First announced in 2008, only to be postponed and cancelled as the global financial crisis and then the 2014 commodity crash whipsawed across the industry’s balance sheets, the Rbs28bn ($500m) project is one of a number of capital expenditure projects by Russian metals and mining companies forging ahead with renewed confidence.
Despite the threat of new western sanctions against the country and US tariffs on aluminium and steel, Russian metal executives have a spring in their step, as commodity prices continue to rise, borrowing costs come down and painful debt restructurings and strategy shifts over the past five years begin to bear fruit.
“Higher profits and, very importantly, lower interest rates result in better optimism and lower costs of financing for the projects,” said Kirill Chyuko, head of research at BCS Global Markets in Moscow. “Thus companies are more comfortable to restart projects and invest in the new ones.”
Initial work on blast furnace 3 — Severstal’s fifth furnace at Cherepovets — is part of a flurry of investments in new mines, plants and renovated facilities across the country’s metals industry.
Russia’s six largest listed metal companies all forecast stronger spending this year, with combined capex estimated at $5.68bn, 52 per cent higher than in 2015.
That, alongside increased dividend payments, is a positive trend for Russian metals producers, which are second only to oil and gas in terms of importance to the economy and the country’s fiscal health.
Over the past two years, steel and nickel prices have risen roughly 60 per cent, while aluminium is up 40 per cent. Gold has risen around 12 per cent. Over the same period, Russia’s key interest rate has fallen from 11 per cent to 7.5 per cent.

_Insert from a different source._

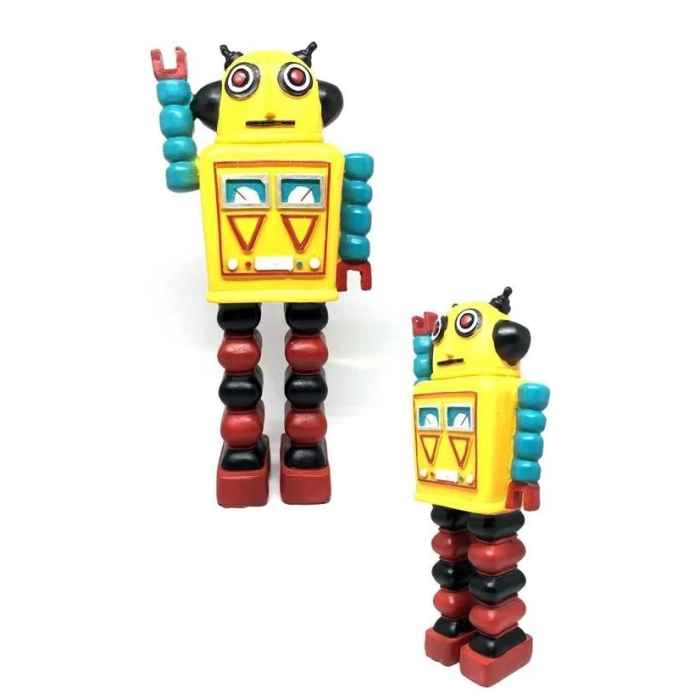 Decotown Nostaljik Sevimli Uzaylı Robot Şeklinde Figür Biblo ( Lisinya )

That boom, and rising demand, carried Vladimir Lisin, owner of NLMK, Russia’s largest steelmaker, to the top of the Forbes 2018 Russian rich list, just ahead of Alexei Mordashov, Severstal’s owner. Two other metal tycoons were in the top ten, alongside the country’s oil and gas barons.

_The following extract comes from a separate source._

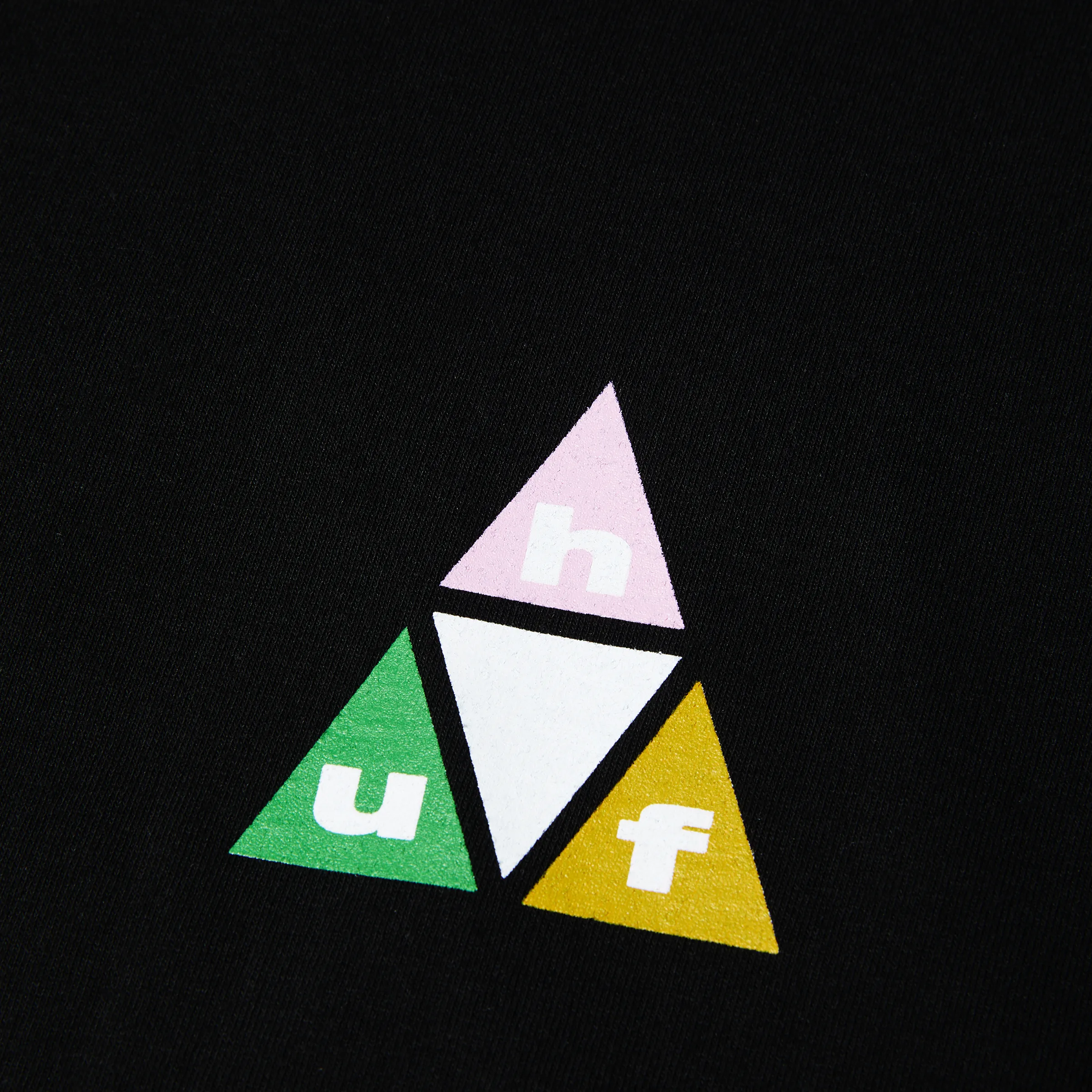 Prism Triple Triangle Long Sleeve T-Shirt sold by HUF product image thumbnail 4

“In 2017, steel consumption in Russia increased by 5 per cent,” said Alexander Shevelev, Severstal’s chief executive, who expects 3 per cent to 4 per cent growth this year. “Strong market conditions and internal efficiency programmes” allowed the company to record what Mr Shevelev said was an industry leading and company record ebitda margin of 32.8 per cent.
“Back in 2015, the market environment was completely different from what we see today,” adds Rusal, Russia’s largest aluminium producer.
“In 2017, alongside a positive macro backdrop, [we] delivered robust results. We also significantly improved our debt profile by actively pursuing capital markets opportunities and engaging with our strategic financial partners. Overall, the company is in good shape for 2018.”
Rusal was forced to restructure $17bn worth of debt in 2009 — Russia’s largest corporate restructuring in what became a symbol of the industry’s woes. It has spent the years since shutting down inefficient production capacity, cutting costs and making further tweaks to its repayment schedule. It increased dividends by 20 per cent in 2017, and is ramping up spending on new projects this year.
It is a similar story at Polyus and Polymetal, the country’s top gold producers. Polyus late last year began drilling at its new Sukhoi Log project, one of the world’s largest undeveloped gold deposits, while Polymetal will start production from its flagship Kyzyl mine later this year.
Norilsk Nickel, one of the world’s largest nickel producers and the top palladium miner, plans to spend $2bn on capex this year and as much as $2.5bn in 2020 on modernising its Soviet-era smelters and a new platinum venture.
“A favourable long-term outlook for our metals is underpinned by the increased adoption of electric vehicles, strong economic growth and higher environmental standards globally,” said Sergei Malyshev, the company’s chief financial officer.
“We are investing throughout our value chain, from new high-margin mining projects to cleaner and more efficient downstream facilities.”
But there are threats lurking. Domestically, a slowly strengthening rouble has steadily increased costs for the industry, which typically earns in dollars but pays out in local currency — and imports a large amount of its most expensive new technology and machinery.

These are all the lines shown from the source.